Material for this task

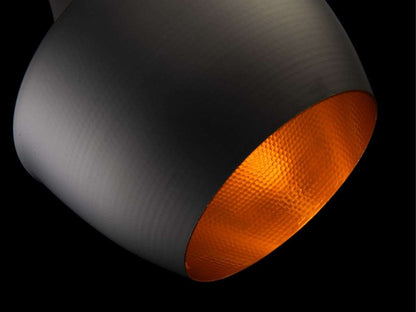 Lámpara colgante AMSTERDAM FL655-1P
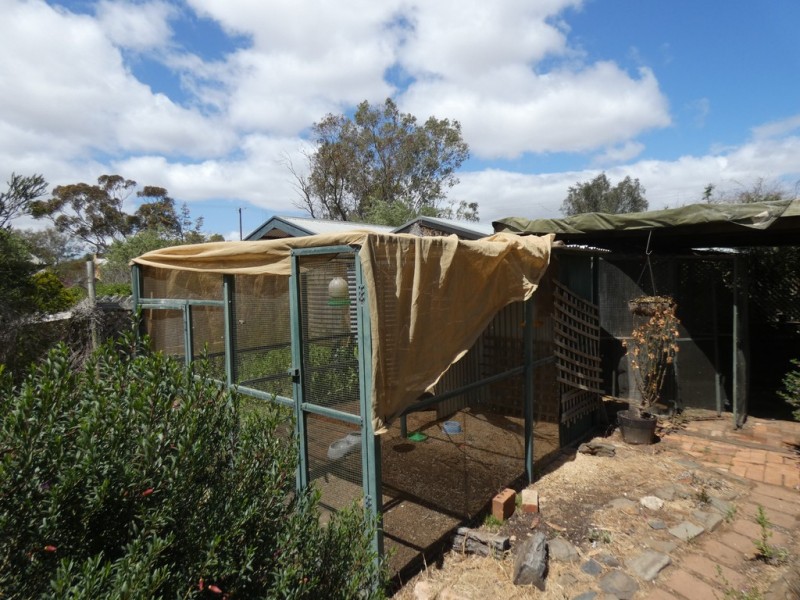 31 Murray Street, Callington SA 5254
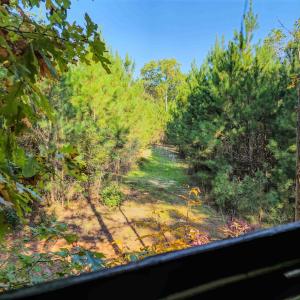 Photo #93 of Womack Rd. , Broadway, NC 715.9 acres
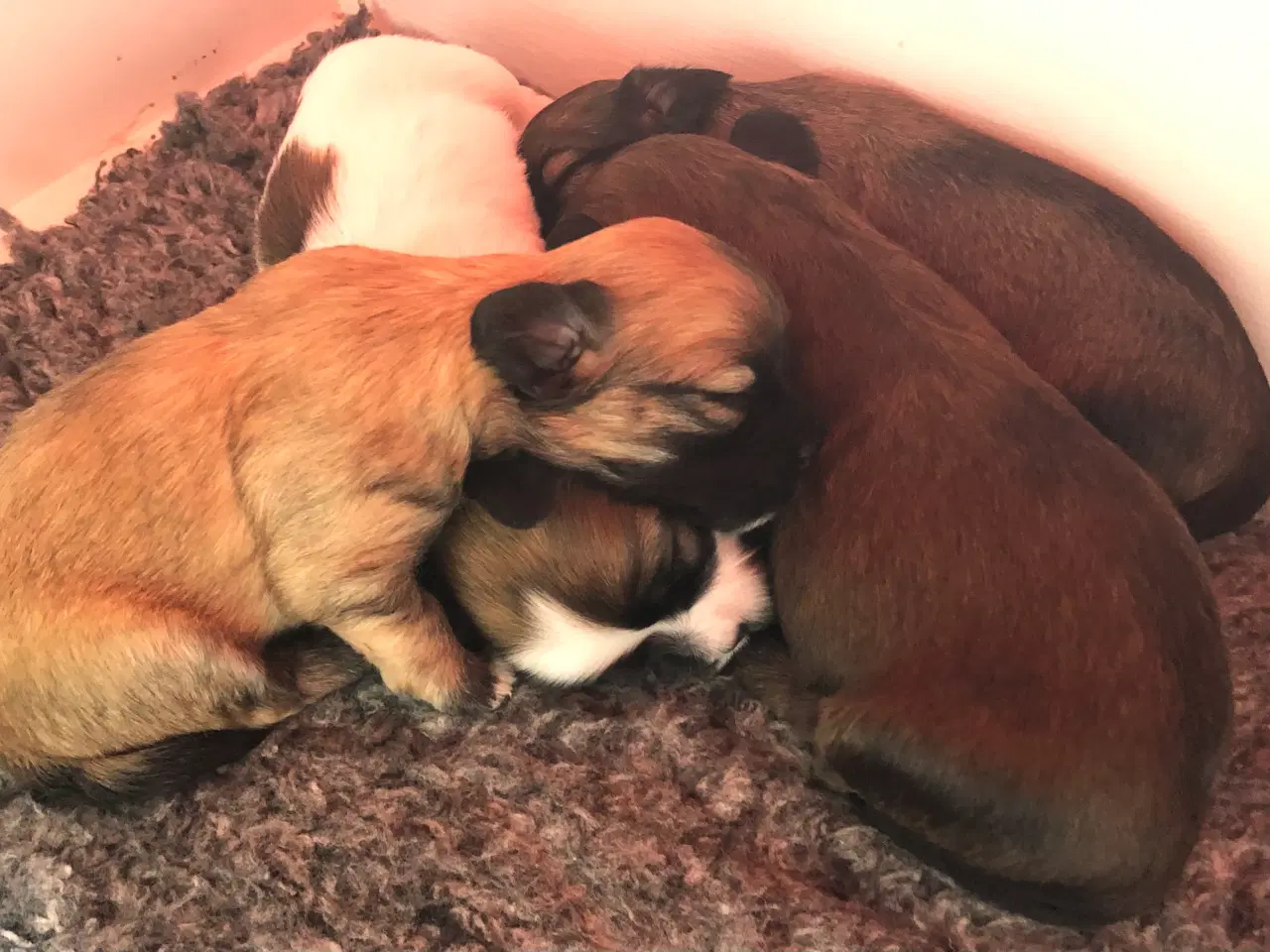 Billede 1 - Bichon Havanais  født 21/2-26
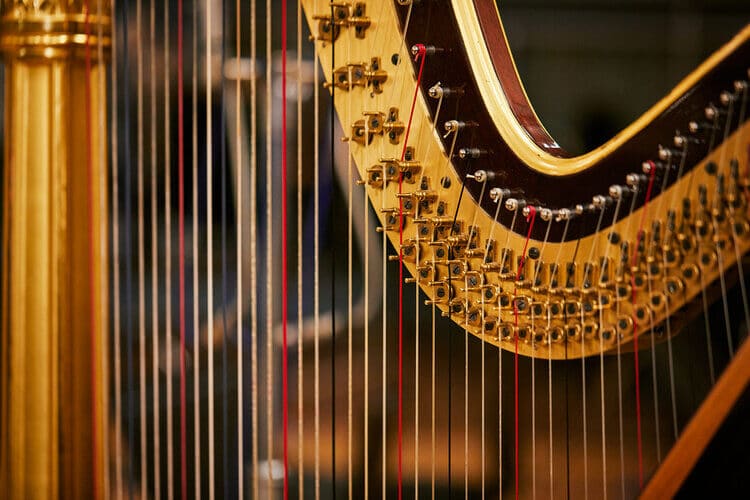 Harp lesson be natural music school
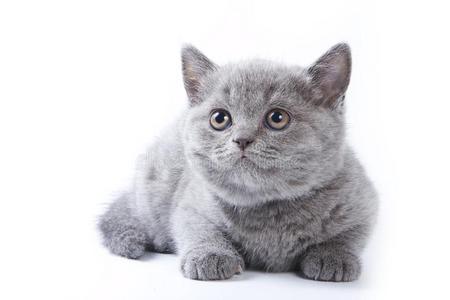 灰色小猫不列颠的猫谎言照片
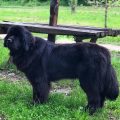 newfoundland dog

...

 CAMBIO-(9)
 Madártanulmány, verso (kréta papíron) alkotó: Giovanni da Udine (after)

Instructions to follow
Using the data above, output the line that has "Lámpara colgante AMSTERDAM FL655-1P", the line that has "newfoundland dog", and whatever lines fall between, each exactly as it stands and without pictures.

Written answer
 Lámpara colgante AMSTERDAM FL655-1P
 31 Murray Street, Callington SA 5254
 Photo #93 of Womack Rd. , Broadway, NC 715.9 acres
 Billede 1 - Bichon Havanais  født 21/2-26
 Harp lesson be natural music school
 灰色小猫不列颠的猫谎言照片
 newfoundland dog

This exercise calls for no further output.